We have a choice. We can either squeeze and control and monitor and think that is the answer as to how we get better productivity and better outcome, or we can inspire, we can respect and we can trust and that is a very different management style. We move from people are the problem, to people are the solution.
The four behaviours of highly engaged organisations
When we started working with Engage for Success, we went out across the country. We looked at lots and lots of organisations and we said what is it about those organisations where actually it doesn’t matter what the sector, it doesn’t matter what the product, it doesn’t matter the demographic of the customer of the employee base – what is it that those organisations do? Practically what is the help therefore that we can give to everybody else?
There were four things, and only four things, and they have not changed over the last six years.
1. Clear Strategic Narrative
Firstly, they have a clear strategic narrative. That is a bit, and I know it’s not ladylike, but that is HR bollocks. Do I know where I am going and where I fit in? Because if I don’t, I can come here every day but if I don’t know where I am going, what you want of me or what the purpose is then I am wasting my time because actually I am just here transacting. So are your employees clear, and is it clear to everybody? Have you translated it regardless of the role that people do?
2. Engaging Line Managers
The second one is engaging line managers. It didn’t matter where we went, the quality of the relationship with the line manager is the most important thing.
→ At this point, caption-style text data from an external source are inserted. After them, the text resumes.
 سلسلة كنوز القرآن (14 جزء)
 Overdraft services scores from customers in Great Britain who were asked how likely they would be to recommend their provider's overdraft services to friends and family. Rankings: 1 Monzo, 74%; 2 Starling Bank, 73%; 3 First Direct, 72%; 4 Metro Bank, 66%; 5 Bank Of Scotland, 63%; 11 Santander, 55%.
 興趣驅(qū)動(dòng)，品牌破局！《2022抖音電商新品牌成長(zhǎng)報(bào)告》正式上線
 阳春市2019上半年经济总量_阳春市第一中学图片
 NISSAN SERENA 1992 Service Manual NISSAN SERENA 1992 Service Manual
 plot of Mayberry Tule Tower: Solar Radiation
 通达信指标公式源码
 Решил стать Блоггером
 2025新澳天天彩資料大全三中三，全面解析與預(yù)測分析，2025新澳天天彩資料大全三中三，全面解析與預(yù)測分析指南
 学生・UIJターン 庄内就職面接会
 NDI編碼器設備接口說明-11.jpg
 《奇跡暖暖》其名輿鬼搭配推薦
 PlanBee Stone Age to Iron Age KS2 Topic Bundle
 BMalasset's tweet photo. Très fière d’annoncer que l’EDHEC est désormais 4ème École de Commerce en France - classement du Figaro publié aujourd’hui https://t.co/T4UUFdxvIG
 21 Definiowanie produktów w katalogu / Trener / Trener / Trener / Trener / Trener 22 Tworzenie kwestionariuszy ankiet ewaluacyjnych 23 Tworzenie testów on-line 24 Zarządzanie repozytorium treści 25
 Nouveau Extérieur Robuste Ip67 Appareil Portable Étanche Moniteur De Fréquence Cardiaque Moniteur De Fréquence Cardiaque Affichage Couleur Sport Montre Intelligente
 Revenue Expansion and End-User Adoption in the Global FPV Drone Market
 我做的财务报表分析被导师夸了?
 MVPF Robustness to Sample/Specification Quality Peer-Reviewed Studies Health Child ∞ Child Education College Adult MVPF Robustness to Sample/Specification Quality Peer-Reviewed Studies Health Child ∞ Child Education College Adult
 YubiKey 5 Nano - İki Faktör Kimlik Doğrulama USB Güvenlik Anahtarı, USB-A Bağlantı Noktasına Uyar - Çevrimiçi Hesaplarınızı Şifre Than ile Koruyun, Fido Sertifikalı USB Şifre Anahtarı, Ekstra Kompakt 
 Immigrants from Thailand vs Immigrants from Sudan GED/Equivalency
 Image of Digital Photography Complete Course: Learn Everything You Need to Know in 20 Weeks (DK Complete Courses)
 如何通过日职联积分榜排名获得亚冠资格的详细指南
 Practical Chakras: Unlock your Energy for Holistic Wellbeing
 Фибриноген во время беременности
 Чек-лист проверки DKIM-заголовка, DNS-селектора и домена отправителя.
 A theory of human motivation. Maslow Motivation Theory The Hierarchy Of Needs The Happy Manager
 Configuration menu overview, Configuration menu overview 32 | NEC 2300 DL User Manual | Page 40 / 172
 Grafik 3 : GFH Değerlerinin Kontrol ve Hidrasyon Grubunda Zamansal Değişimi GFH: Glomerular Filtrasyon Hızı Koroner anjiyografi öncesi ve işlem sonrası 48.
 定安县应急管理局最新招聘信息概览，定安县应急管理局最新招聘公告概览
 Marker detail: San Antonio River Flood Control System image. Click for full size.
I have a team in my business, they are called vactor services. This won’t mean anything to you but I will describe their job. Their job is, we have sewers, they are very large, bigger than me and some of them are industrial sewers. Sometimes they get blocked. I am not talking about something you can give a bit of a rod to. They get blocked. Big scale blockages. This team get fully tooled up with all their gas masks and equipment and they enter those horrendous sewers. When we talk about terrible jobs, I don’t think it gets any worse than that. Their employee engagement results year on year for the last six years have been 100%. The difference? They work for the most inspiring, fantastic individual who would make me want to get into a sewer every day.
We had a very interesting moment where we decided to let a BBC TV crew accompany our workforce. This was a really interesting conversation with my Board. I said I think we have a great culture, we haven’t anything to hide, the BBC want to come and do a documentary about a water company and everyone has said no but I think we should do it. They are going to follow our employees around for 6 months. They said are we going to choose which employees? I said not really. What editing rights do we have? Not a lot. You can imagine. So we had to have a few goes at this conversation and it was an amazing programme. There was one minute where I thought this has backfired and I am about to get sacked, where they here with the vactor services team and the BBC producer said to this guy, who was fully tooled up – what is it that makes you want to do this job every day? He looked really straight into the camera and he said, “well mate, it’s quite simple really. As long as you have a hole in your arse I will have a job.” My chairman looked at me and I said “well, it’s true!”
3. Employee voice
The next one is about employee voice. How strong is your employee voice in your organisation? I don’t mean that you run a survey. If you are relying on a bloody survey to understand your employee voice then pack up and go home now!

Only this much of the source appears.